Powell Jobs, the 53-year-old widow of Apple co-founder Steve Jobs, is buying the stake from Atlantic Media Chairman David Bradley, who will remain a minority owner, the publication said Friday.
Bradley, 64, will continue to own Atlantic Media's other brands, including the National Journal, Government Executive and the digital business-focused publication Quartz.
Through Emerson, Powell Jobs has focused on philanthropy, socially conscious investing, and media, including funding for Anonymous Content, a talent-management company behind the films "The Revenant" and "Spotlight," and Within, a virtual-reality entertainment startup. Her net worth is valued at $18.2 billion, according to the Bloomberg Billionaires Index.
Emerson will probably eventually take full ownership of the Atlantic, along with its related consulting and live-events operations, the magazine said. Terms of the deal weren't disclosed.

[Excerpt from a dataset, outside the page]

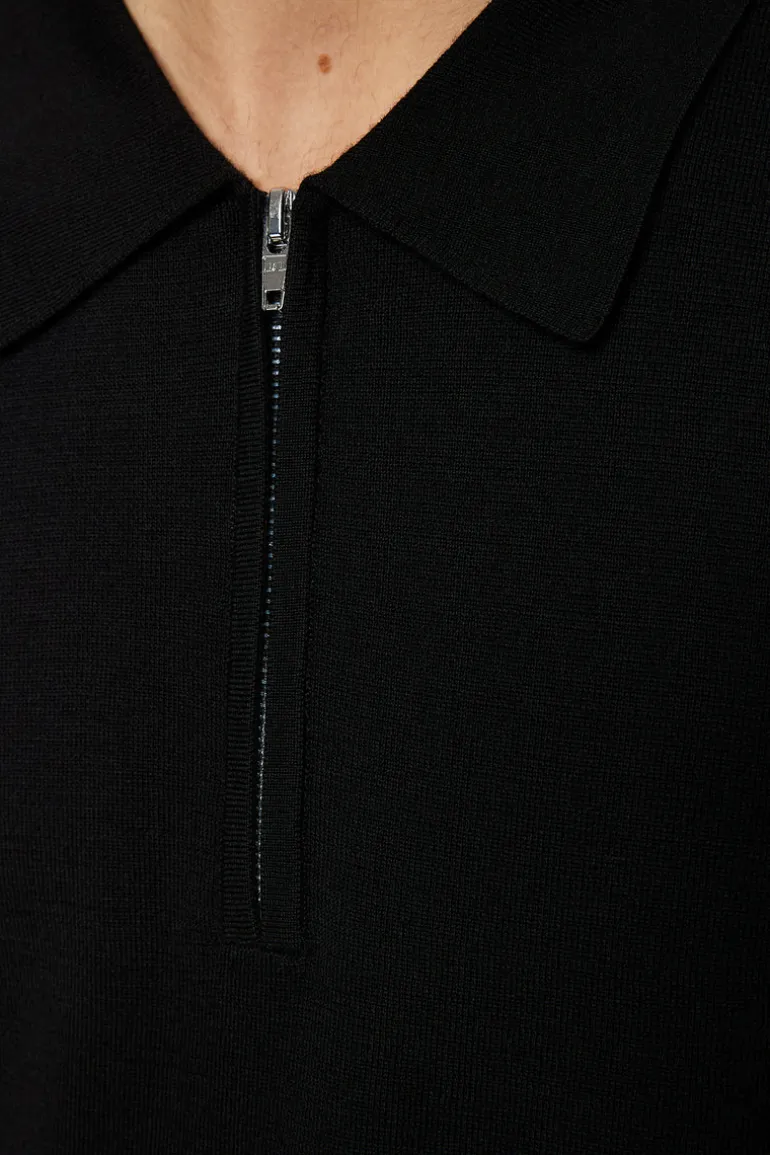 Sale Tyler Quarter Zip Knit Polo Polo Shirts|Knitwear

Powell Jobs follows other luminaries from the tech world who have made forays into the old-guard publishing business, where they've had varying degrees of success, with the industry struggling to compete for advertising revenue in the era of Google and Facebook Inc. Chris Hughes, a Facebook co-founder, acquired a majority stake in the New Republic in 2012, then sold it last year after a turbulent run that included cutting production in half.
Amazon CEO Jeff Bezos acquired the Washington Post in 2013 for $250 million. He's presided over an era of climbing digital subscriptions and renewed journalistic ambition, competing toe to toe with the New York Times for scoops about the Trump administration.
In a statement, Powell Jobs also hinted she wanted to support strong journalism, saying her goal was to "ensure that the Atlantic continues to fulfill its critical mission at this critical time."